**Data excerpts**
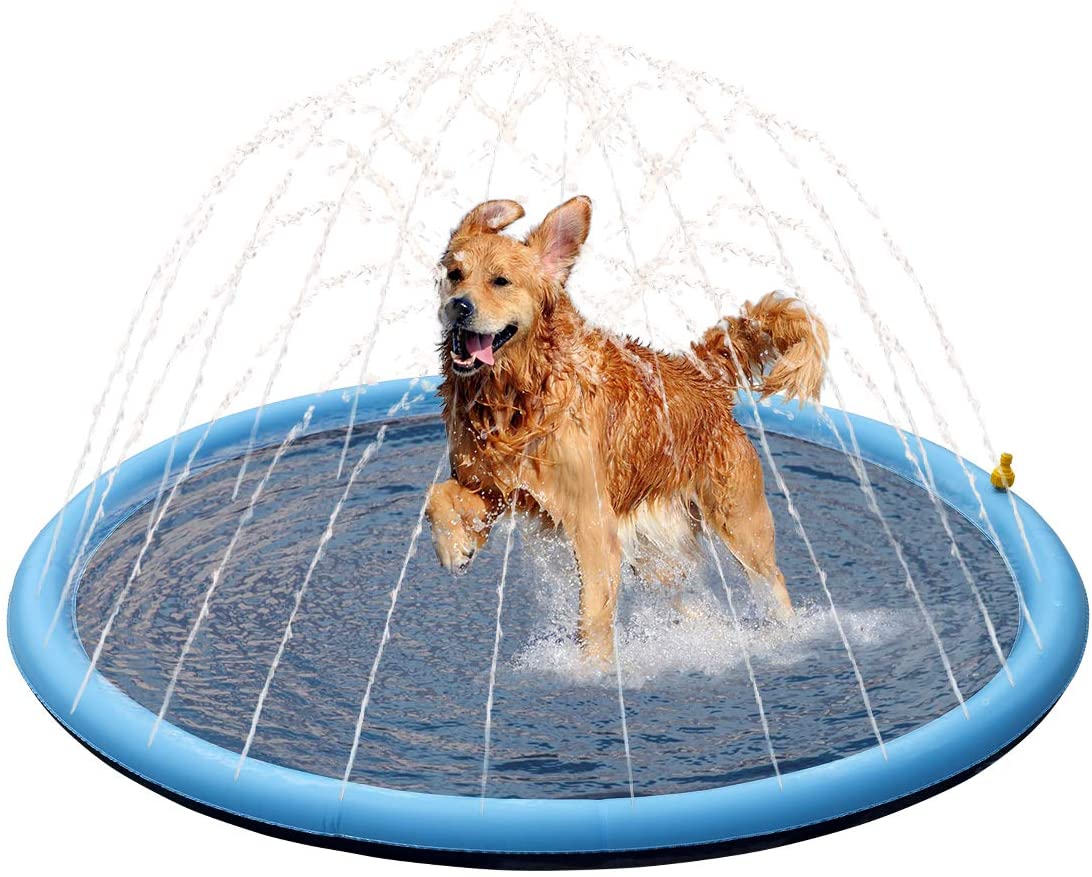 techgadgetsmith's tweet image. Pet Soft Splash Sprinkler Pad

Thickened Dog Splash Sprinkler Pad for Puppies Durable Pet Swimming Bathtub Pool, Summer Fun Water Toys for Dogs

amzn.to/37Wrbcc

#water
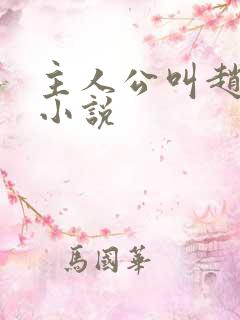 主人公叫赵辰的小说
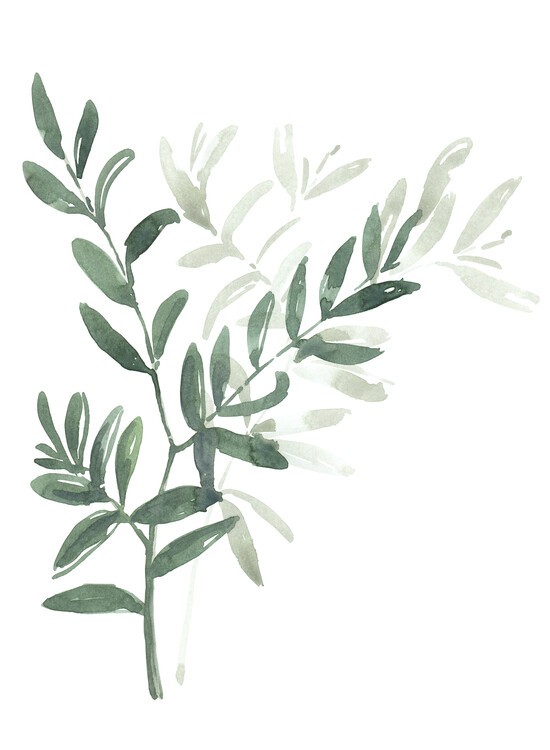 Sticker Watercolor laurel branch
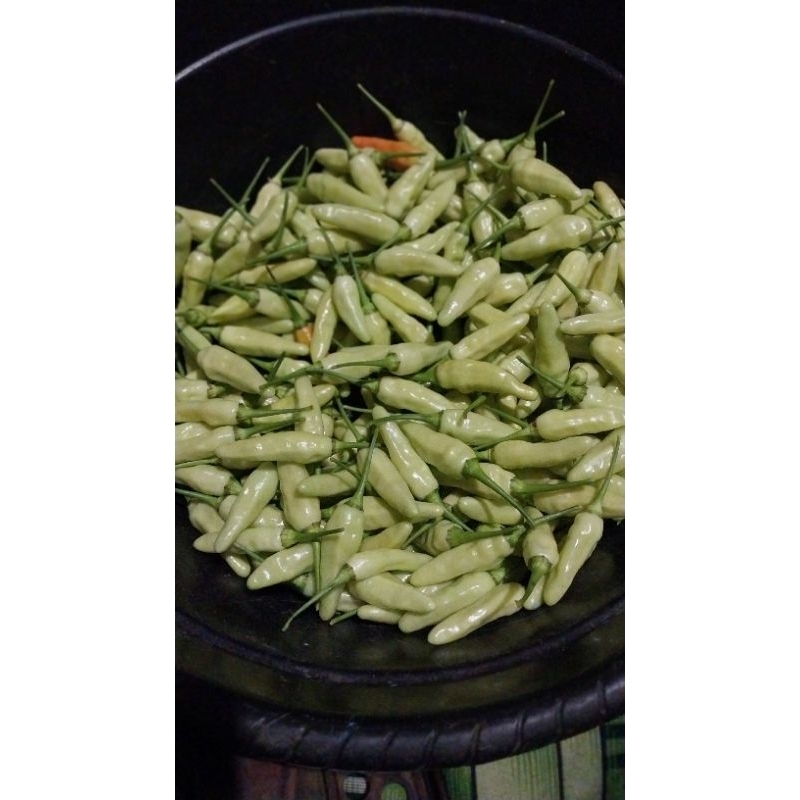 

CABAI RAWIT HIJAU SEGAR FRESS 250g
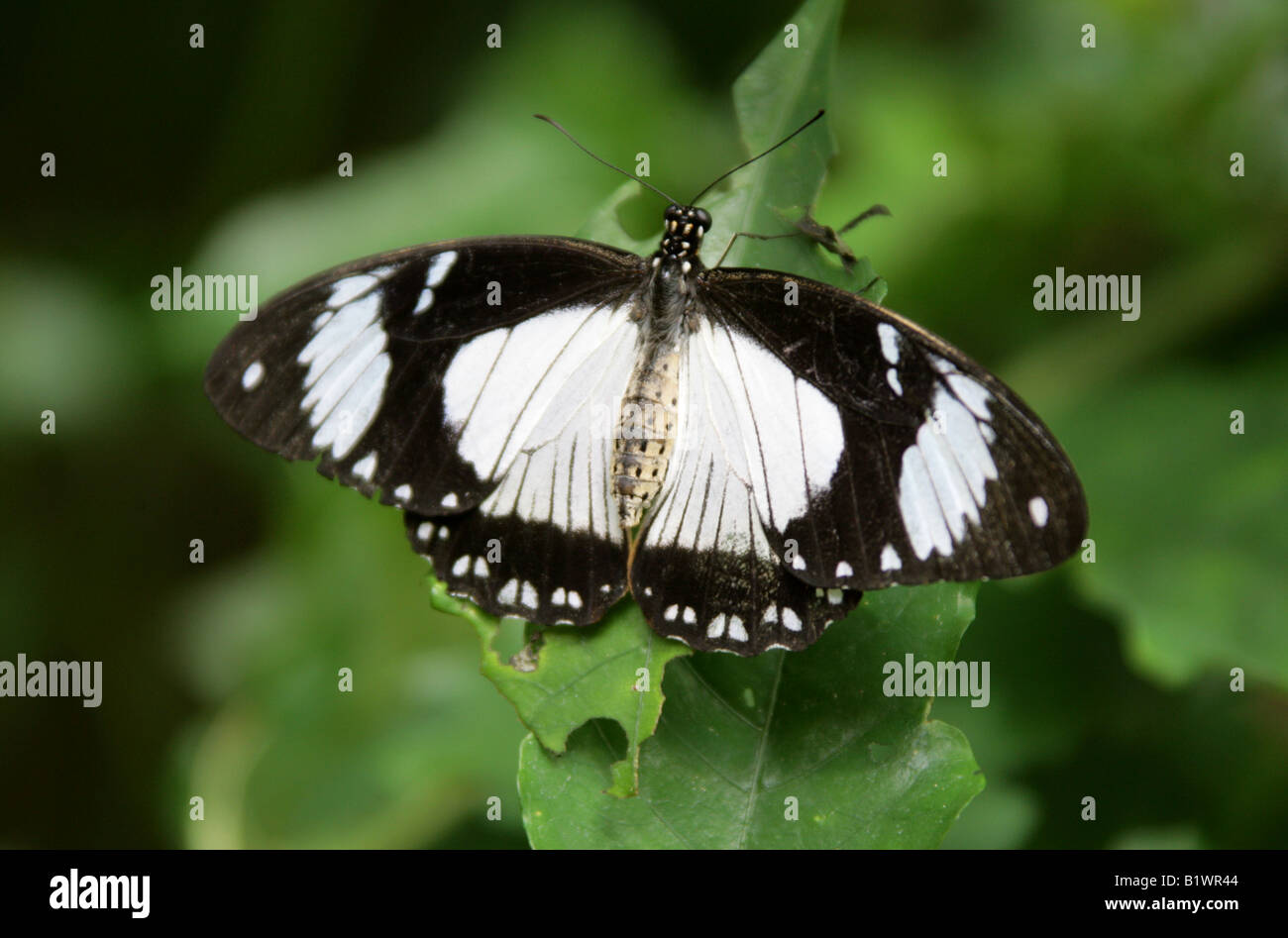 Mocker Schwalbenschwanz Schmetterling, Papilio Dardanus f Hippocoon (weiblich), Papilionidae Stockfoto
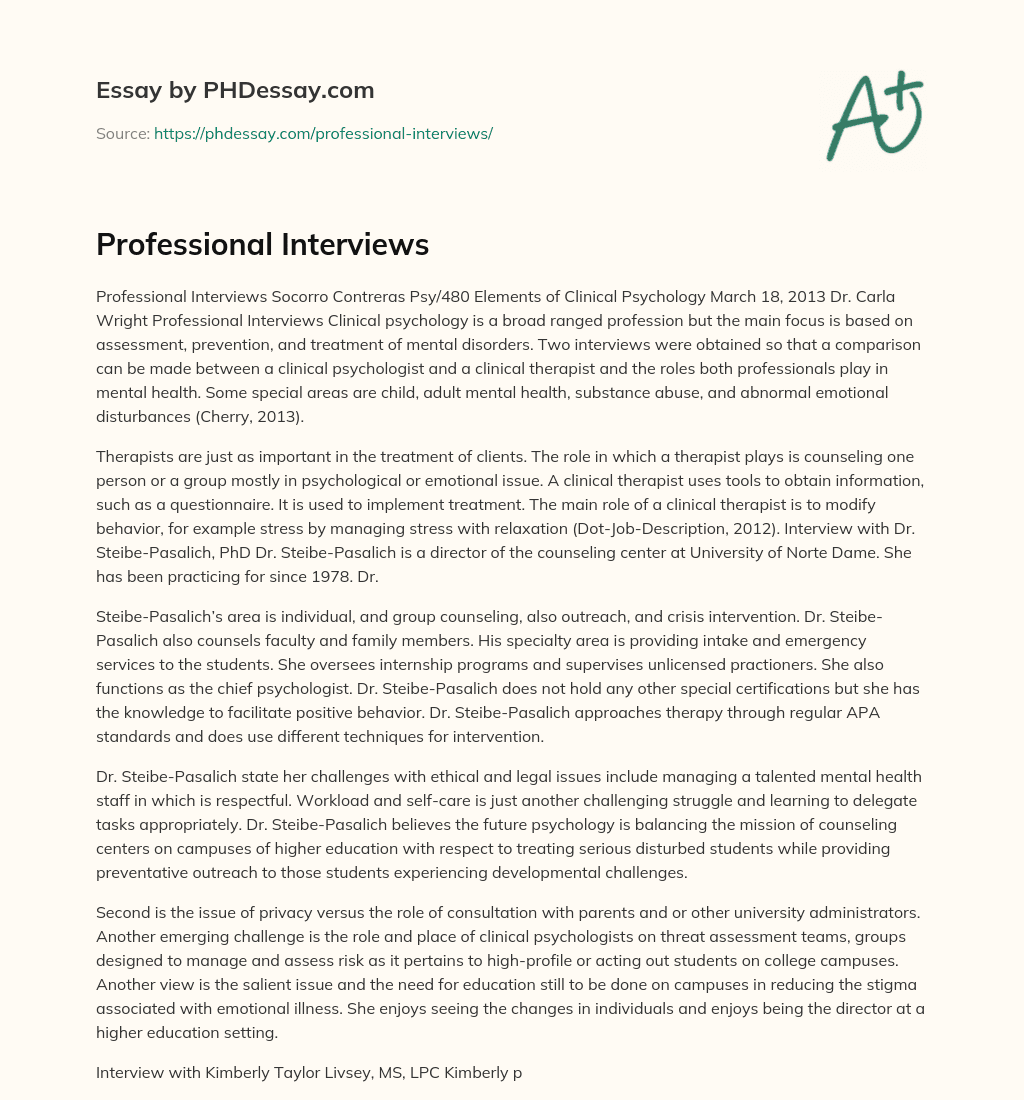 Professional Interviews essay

**Exercise**
Skipping any pictures, copy the line that holds "Sticker Watercolor laurel branch" and each line after it through the last line of the records, unchanged, and no other lines.

**Written reply**
 Sticker Watercolor laurel branch

CABAI RAWIT HIJAU SEGAR FRESS 250g
 Mocker Schwalbenschwanz Schmetterling, Papilio Dardanus f Hippocoon (weiblich), Papilionidae Stockfoto
 Professional Interviews essay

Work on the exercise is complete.